Internals
A deep dive into mcpzip's internal architecture, data flow, and algorithms. This page is for contributors and curious engineers who want to understand how the proxy works under the hood.
Core Types
What is Arc and RwLock?
These are Rust concurrency primitives:
Arc<T>(Atomic Reference Counted) -- a thread-safe smart pointer that allows shared ownership of a value. Multiple parts of the code can hold a reference to the same data.RwLock<T>(Read-Write Lock) -- allows multiple concurrent readers OR a single writer. The catalog uses this so searches can read concurrently while background refresh can write.
Together, Arc<RwLock<HashMap>> gives mcpzip a thread-safe, concurrent tool catalog.
Startup Sequence
mcpzip serves from cache immediately. The background refresh runs concurrently and updates the catalog in-place. First request is served in under 1ms from cache.
Tool Call Lifecycle
Connection Pool State Machine
Each upstream server connection follows this state machine:
Connection Pool Properties
| Property | Value | Configurable |
|---|---|---|
| Default idle timeout | 5 minutes | idle_timeout_minutes |
| Default call timeout | 120 seconds | call_timeout_seconds |
| Concurrent list_tools timeout | 30 seconds per server | No |
| Reconnection strategy | Automatic on next use | No |
Catalog Refresh Merge Algorithm
When the background refresh completes, mcpzip merges new tool data with the existing cache:
Why Partial Merge?
Consider this scenario:
- You have 5 servers configured: Slack, GitHub, Todoist, Gmail, Linear
- On startup, mcpzip loads 250 cached tools
- Background refresh connects to all 5 servers
- Todoist is temporarily down
- The other 4 servers respond with their tools
Without partial merge: You would lose all Todoist tools until the next refresh.

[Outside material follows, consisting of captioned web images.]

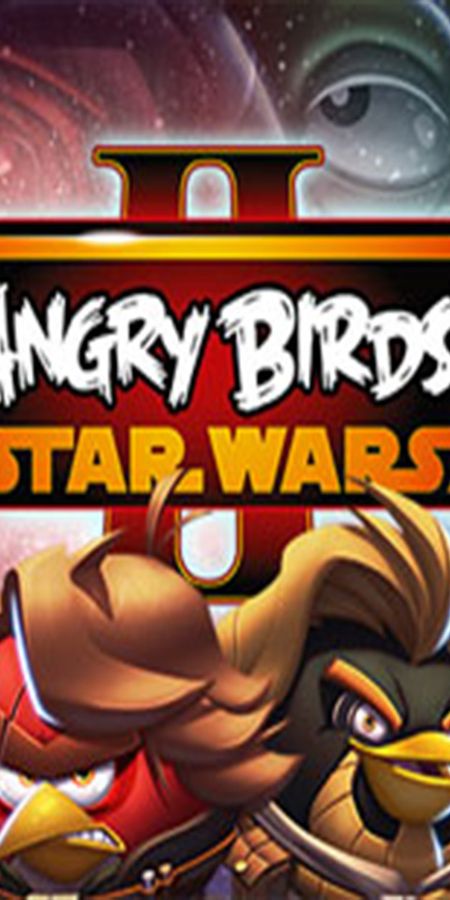 Phone wallpaper: Angry Birds: Star Wars 2, Angry Birds, Video Game free download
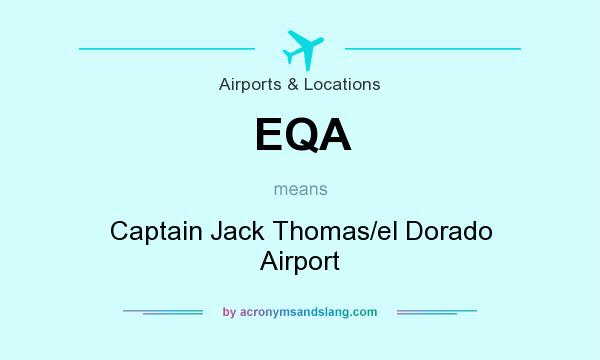 What does EQA mean? It stands for Captain Jack Thomas/el Dorado Airport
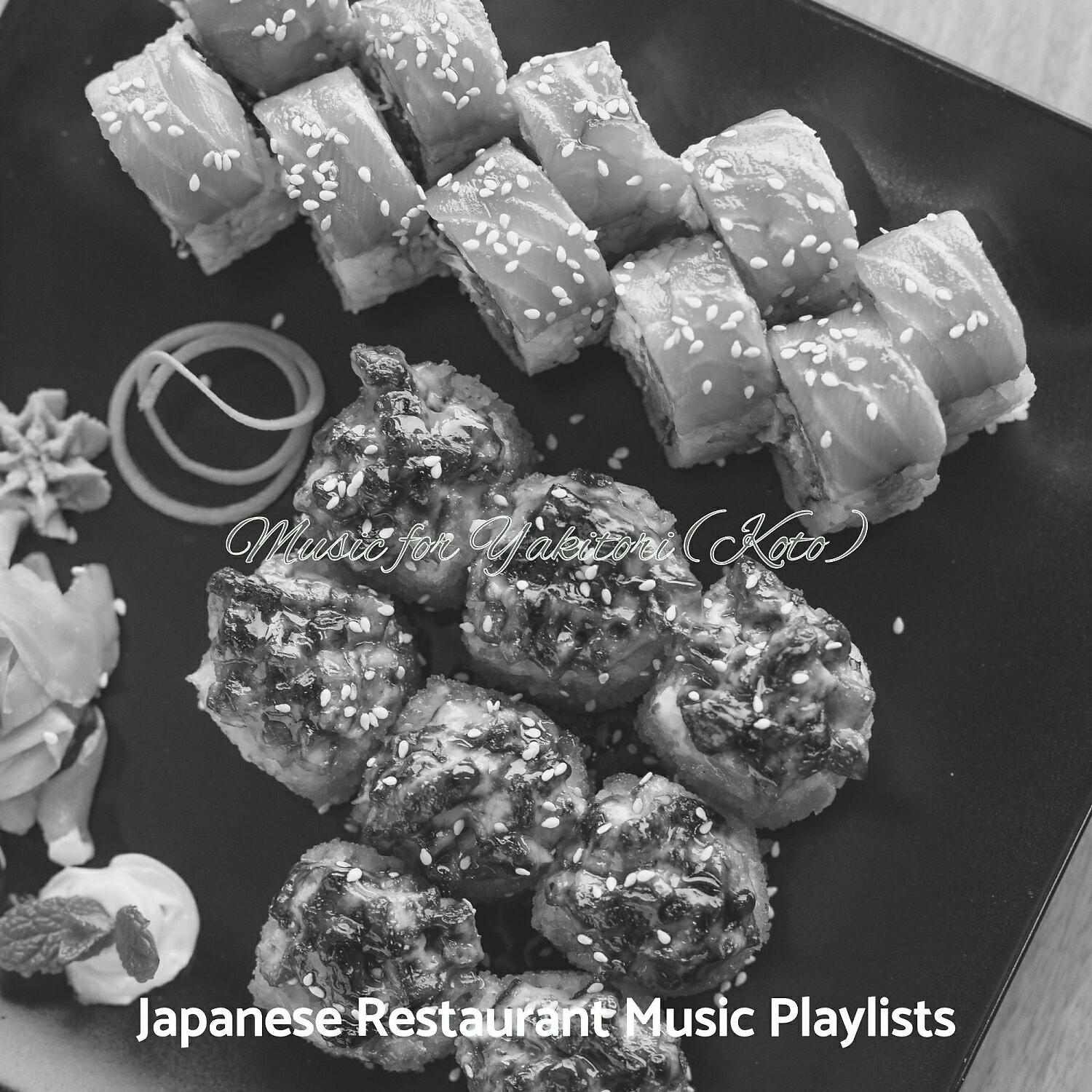 Japanese Restaurant Music Playlists - Superlative Koto and Strings - Vibe for Sushi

With partial merge: Todoist's cached tools are preserved. The catalog stays complete with all 250 tools, with 4 servers' tools freshly updated.
This is why mcpzip always serves from cache first. Even if every upstream server is down, the cached catalog ensures Claude can still search and describe tools.
Tool Name Convention
Tools are namespaced as {server}__{tool}, using double underscore as a separator:
slack__send_message
todoist__create_task
gmail-personal__send_email
| Separator | Problem |
|---|---|
Single _ | Common in tool names (send_message) |
. | Used in namespaces, can confuse parsers |
/ | URL separator, can break routing |
__ | Rare in tool names, easy to split on first occurrence |
The split happens on the first __ occurrence. So a__b__c resolves to server a, tool b__c.
Project Structure
src/
main.rs Entry point, CLI dispatch
lib.rs Module declarations
config.rs Config loading, validation, paths
error.rs Error types (McpzipError enum)
types.rs Core types: ToolEntry, ServerConfig, ProxyConfig
cli/
mod.rs CLI definition (clap)
serve.rs serve command, MCP server setup
init.rs Interactive setup wizard
migrate.rs Claude Code config migration
auth/
oauth.rs OAuth 2.1 handler (PKCE, browser flow)

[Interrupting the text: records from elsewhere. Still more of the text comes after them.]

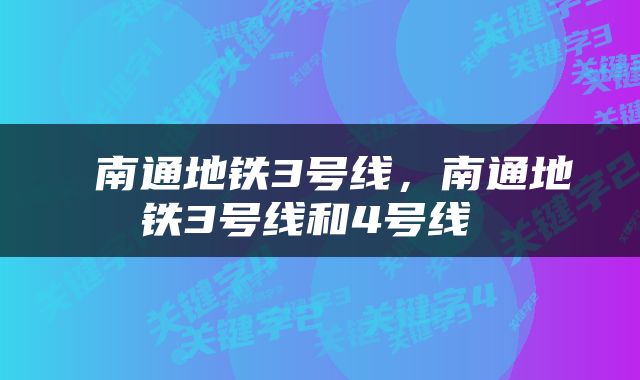  南通地铁3号线，南通地铁3号线和4号线 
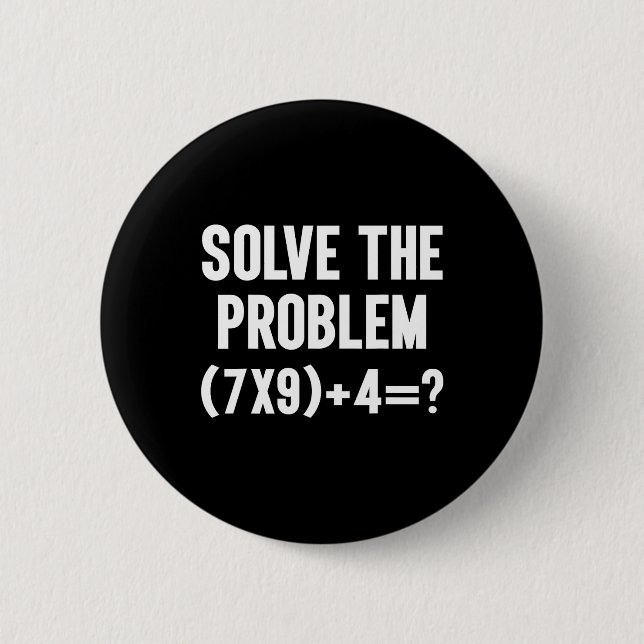 Chapa Redonda De 5 Cm Solve The Problem 67 Six Seven Funny Math Teacher  (Anverso)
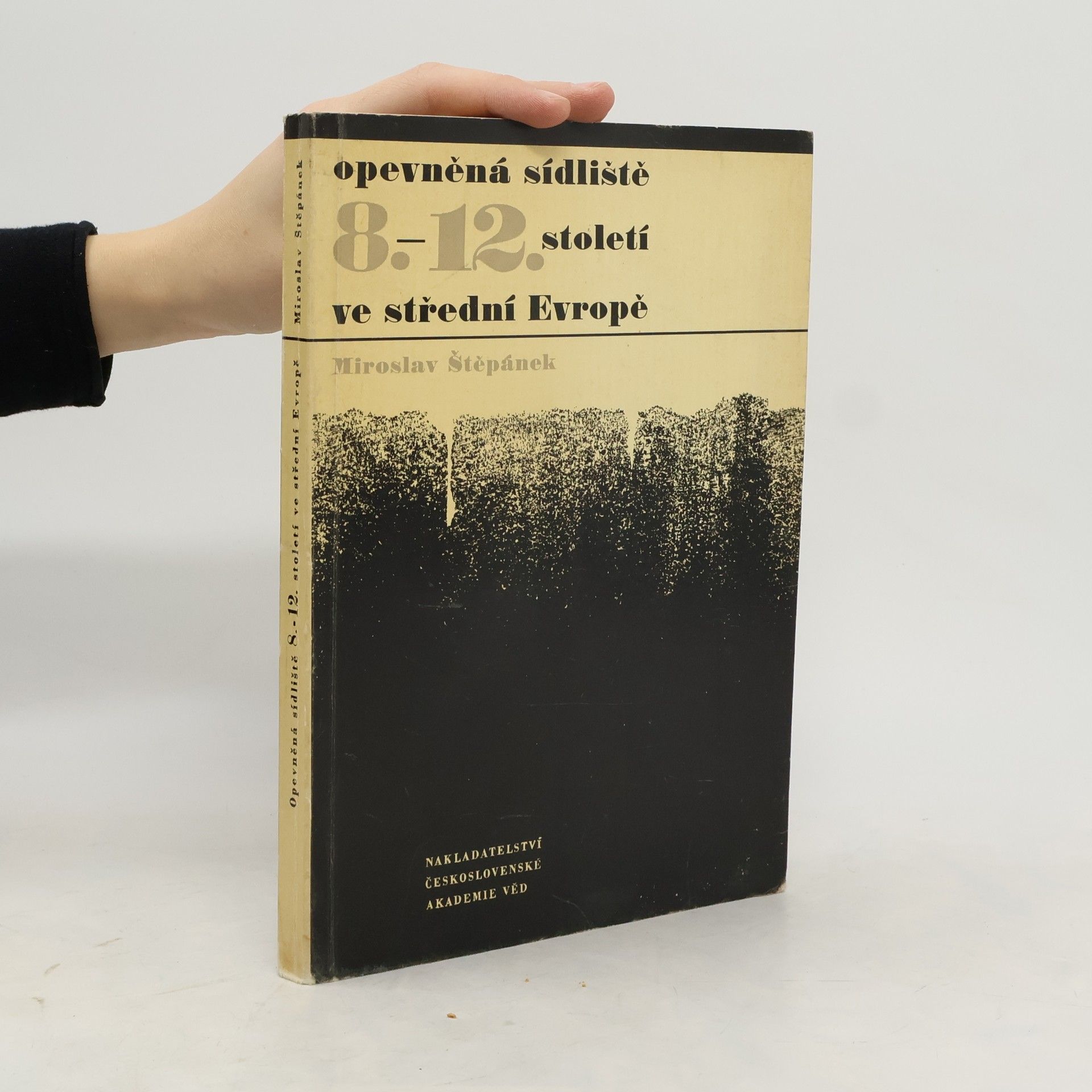 Miroslav Štěpánek Opevněná sídliště 8.–12. století ve střední Evropě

store.rs Token persistence (disk storage)
proxy/
server.rs ProxyServer: meta-tool handlers
handlers.rs search/describe/execute implementation
catalog/
catalog.rs Catalog: tool storage, disk cache, refresh
search/
keyword.rs KeywordSearcher: tokenization, scoring
gemini.rs GeminiSearcher: LLM-powered search
orchestrator.rs OrchestratedSearcher: merge + cache
cache.rs QueryCache: normalized query caching
transport/
manager.rs Manager: connection pool
stdio.rs StdioUpstream: process spawning, NDJSON
http.rs HttpUpstream: Streamable HTTP, SSE, OAuth
sse.rs SseUpstream: legacy SSE transport
mcp/
protocol.rs MCP protocol types (JSON-RPC, tool schemas)

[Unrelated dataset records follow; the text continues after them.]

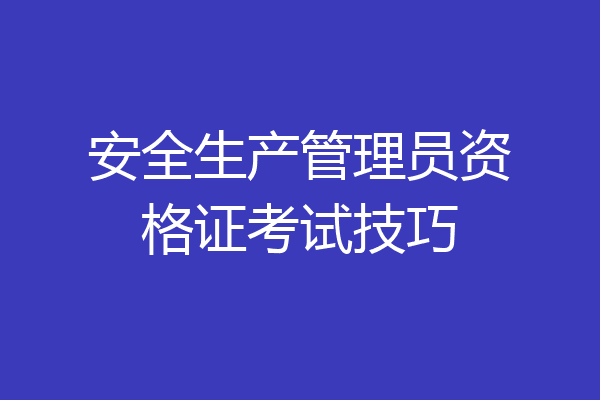 安全生产管理员资格证考试技巧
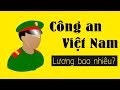 Vén màn bí ẩn Công an VN lương bao nhiêu?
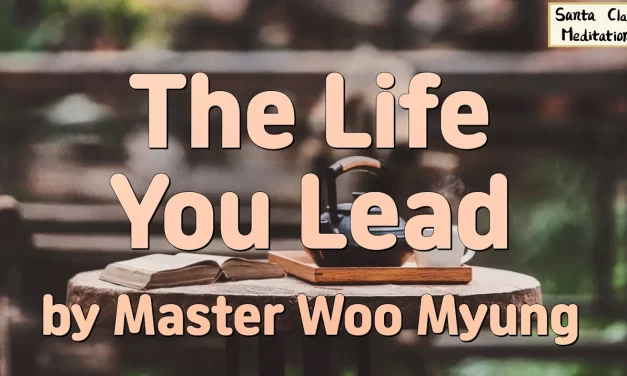 🌈 The Life You Lead: What Is Truthful Living? | Master Woo Myung | Santa Clara Meditation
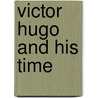 Victor Hugo And His Time door Ellen Elizabeth Frewer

server.rs McpServer: NDJSON stdio server
transport.rs McpTransport trait, NdjsonTransport
Memory Layout
| Component | Typical Size | Notes |
|---|---|---|
| Tool catalog | 2-5 MB | Depends on tool count and schema sizes |
| Connection pool | 1-2 MB per active connection | stdio processes have their own memory |
| Query cache | Under 1 MB | Bounded by unique queries |
| Base runtime | ~8 MB | Tokio runtime, MCP server, etc. |
| Total (idle) | ~15 MB | With cached catalog, no active connections |
stdio connections (spawned processes) run as separate OS processes with their own memory. The figures above are for mcpzip itself, not the upstream servers it manages.